The state’s highest court unanimously upheld a 2011 law providing vouchers for low- and middle-income families and cleared the way for an expansion being debated in the Indiana Statehouse. But more importantly, it could settle the case law for other states where voucher programs face legal challenges, supporters contend.
“I think it will be incredibly influential,” said Bert Gall, senior attorney for the Washington-based Institute for Justice, who helped defend the Indiana law.
The Indiana voucher program, passed by the Legislature in 2011, is the most sweeping in the nation and the biggest test yet of the conservative Republican idea that giving families choice creates a greater incentive for public schools to improve. Unlike voucher programs in other states, which are limited to poor families and failing school districts, the Indiana program is open to a much broader range of people, including parents with household incomes of up to nearly $64,000 for a family of four.
Jeff Reed, spokesman for the Friedman Foundation for Educational Choice, said 530,000 Indiana students qualify for vouchers, although only 9,000 currently receive them. Public school officials fear the eventual loss of thousands of students, especially those from the middle class, along with the state money that comes with them.
The Milwaukee Parental Choice Program is the nation’s largest in terms of actual enrollment. That program, enacted in 1990, had 24,027 participants this school year, Reed said.
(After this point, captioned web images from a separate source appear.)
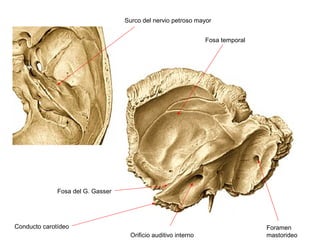 Surco del nervio petroso mayor


                                                                Fosa temporal




              Fosa del G. Gasser




Conducto carotídeo                                                              Foramen
                                    Orificio auditivo interno                   mastorideo
 
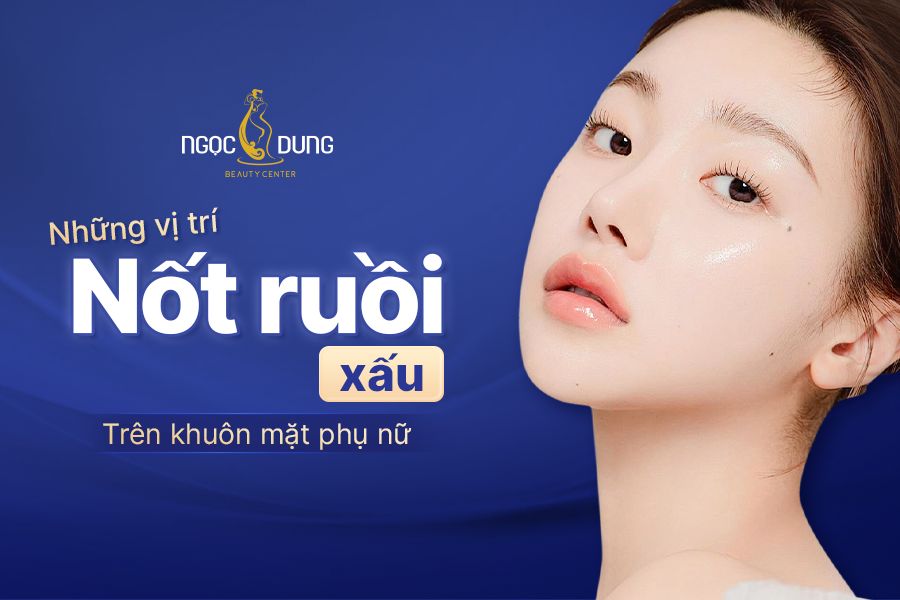 Những vị trí nốt ruốt xấu trên khuôn mặt phụ nữ cần lưu ý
The U.S. Supreme Court kicked the fight over school vouchers to the states in a split 2002 ruling, in which conservative members led by then-Chief Justice William Rehnquist said vouchers do not violate the U.S. Constitution’s clause separating church and state. That left supporters and opponents to fight over whether school voucher laws violated similar clauses in state constitutions.
Indiana joins states like Louisiana and Wisconsin, where voucher or voucher-style laws have been upheld. But Arizona and Florida’s courts have ruled against vouchers, and the issue remains to be resolved in other states.
Supporters say the Indiana ruling could influence courts in other states because the Indiana constitution contains a clause copied by many states in the mid-1800s in an effort to bar public aid for Catholic schools. The so-called “Blaine Amendment” was meant at the time to keep public money flowing to Protestant-dominated public schools.
That means the Indiana ruling could apply anywhere with a “Blaine” law, Gall said.
“For us, and for the Indiana Supreme Court, the Blaine Amendment in Indiana basically prevented spending for the benefit of religious institutions. And the Indiana Supreme Court said `No, this is spending for the benefit of parents and students,'” he said.
Opponents downplayed Tuesday’s ruling. Brenda Pike, executive director of the Indiana State Teachers Association and a lead plaintiff in the case, said the group now considers vouchers settled law in Indiana. But, she added, Indiana’s borders are where the ruling’s impact ends.
“This was a specific Indiana constitutional law question,” Pike said. “We went through the court system in Indiana, not any federal court system.”
Lawyers for national groups who argued against the Indiana law deferred questions to ISTA on Tuesday.
Solicitor General Thomas Fisher, who defended the law before the state Supreme Court in November, told the justices then that parents were free to send their children to any school they wished, public or private, religious or not.
The court agreed with that, saying in a 22-page opinion written by Chief Justice Brent Dickson that the program primarily benefited parents, not schools, because it gave parents the choice in their children’s education.
Dickson also rejected school voucher opponents’ claims that the state constitution requires a public school system, saying lawmakers have broad discretion in how children are educated.
State School Superintendent Glenda Ritz joined the lawsuit while campaigning last year but removed her name from the list of plaintiffs shortly after winning office.
“As State Superintendent, I will follow the court’s ruling and faithfully administer Indiana’s voucher program,” she said in a statement. “However, I personally believe that public dollars should go to public schools, and I encourage Hoosiers to send that message to their representatives in the Statehouse.”
There is still some question about how popular the vouchers are in Indiana. Voters elected Ritz over former Republican Schools Superintendent Tony Bennett, long the state’s most visible supporter of vouchers. But they also awarded a supermajority to House Republicans, who have pushed for a sweeping expansion of vouchers this year.
The expansion bill is awaiting action in the state Senate, where there have been concerns about its cost and whether the Legislature should start making exceptions to the 2011 compromise that then-Gov. Mitch Daniels touted as giving public schools a chance to win over students and parents.